# WHAT IS NEEDED
Please repeat word for word the line containing "Ein Bett oder" and every following line up to and including the last one below, pictures excluded.

# Scraped caption text data
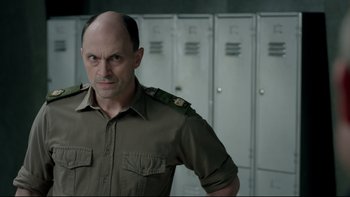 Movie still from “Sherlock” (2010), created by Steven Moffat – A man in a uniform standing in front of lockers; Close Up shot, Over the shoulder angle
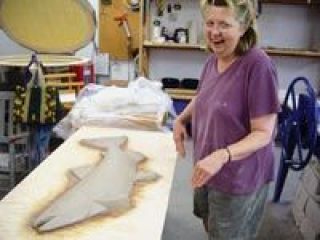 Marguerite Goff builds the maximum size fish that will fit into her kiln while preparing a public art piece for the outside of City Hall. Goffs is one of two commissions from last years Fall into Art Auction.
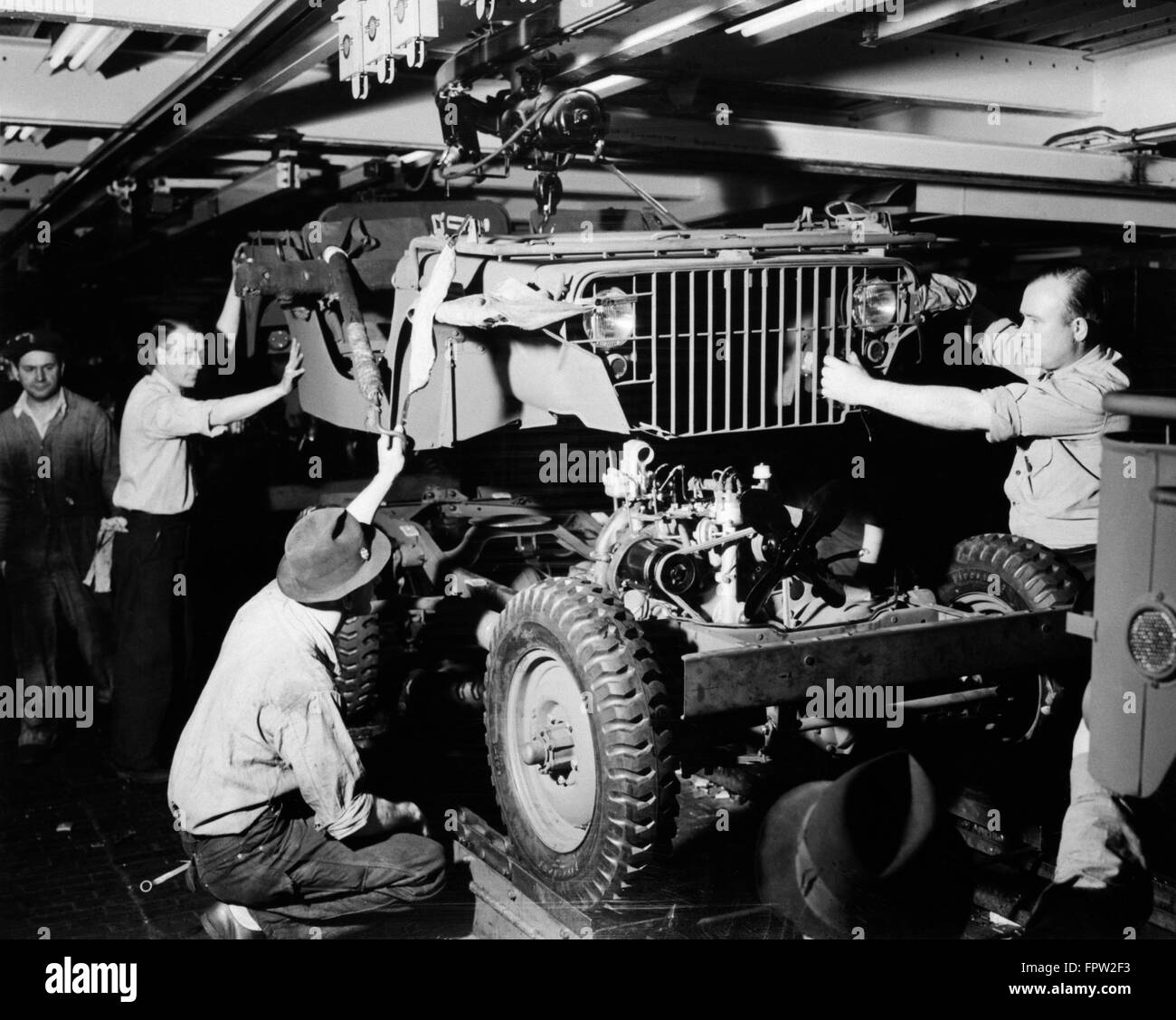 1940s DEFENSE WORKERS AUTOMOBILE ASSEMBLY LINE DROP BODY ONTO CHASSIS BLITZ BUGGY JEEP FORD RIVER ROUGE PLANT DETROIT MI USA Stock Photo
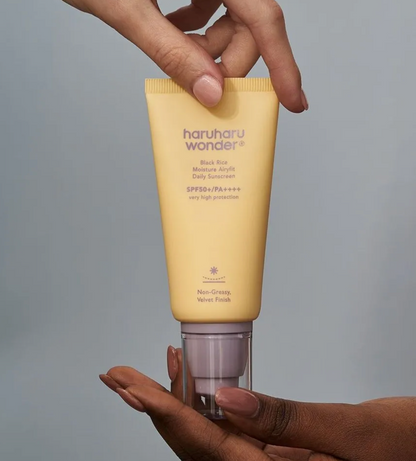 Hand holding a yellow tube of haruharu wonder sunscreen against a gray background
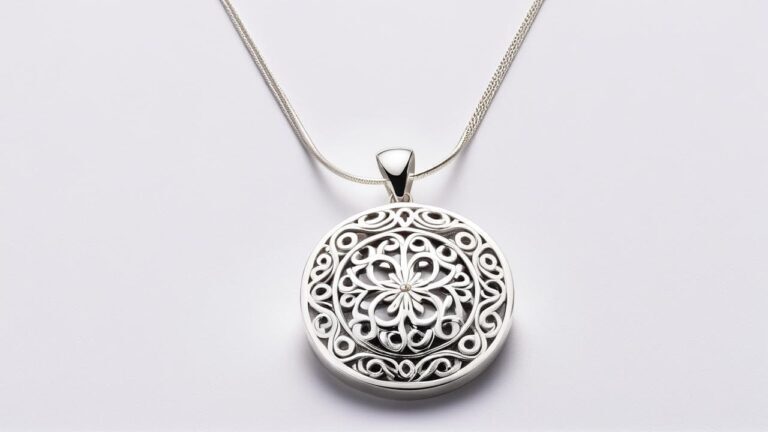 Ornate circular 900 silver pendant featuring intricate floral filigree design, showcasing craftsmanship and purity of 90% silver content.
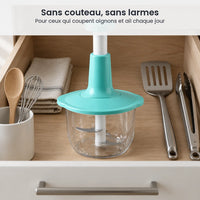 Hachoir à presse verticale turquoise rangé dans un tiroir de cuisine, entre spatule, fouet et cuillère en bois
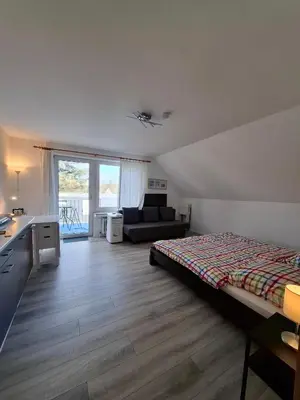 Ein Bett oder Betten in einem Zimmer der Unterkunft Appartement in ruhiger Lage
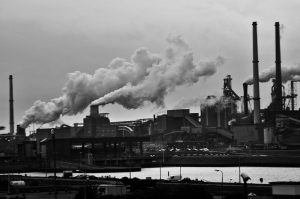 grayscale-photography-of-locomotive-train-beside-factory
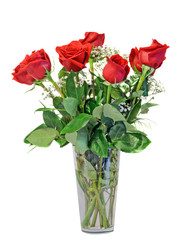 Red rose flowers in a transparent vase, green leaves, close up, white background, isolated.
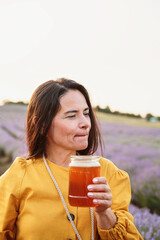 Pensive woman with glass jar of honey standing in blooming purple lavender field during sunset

# EXERCISE RESULT
 Ein Bett oder Betten in einem Zimmer der Unterkunft Appartement in ruhiger Lage
 grayscale-photography-of-locomotive-train-beside-factory
 Red rose flowers in a transparent vase, green leaves, close up, white background, isolated.
 Pensive woman with glass jar of honey standing in blooming purple lavender field during sunset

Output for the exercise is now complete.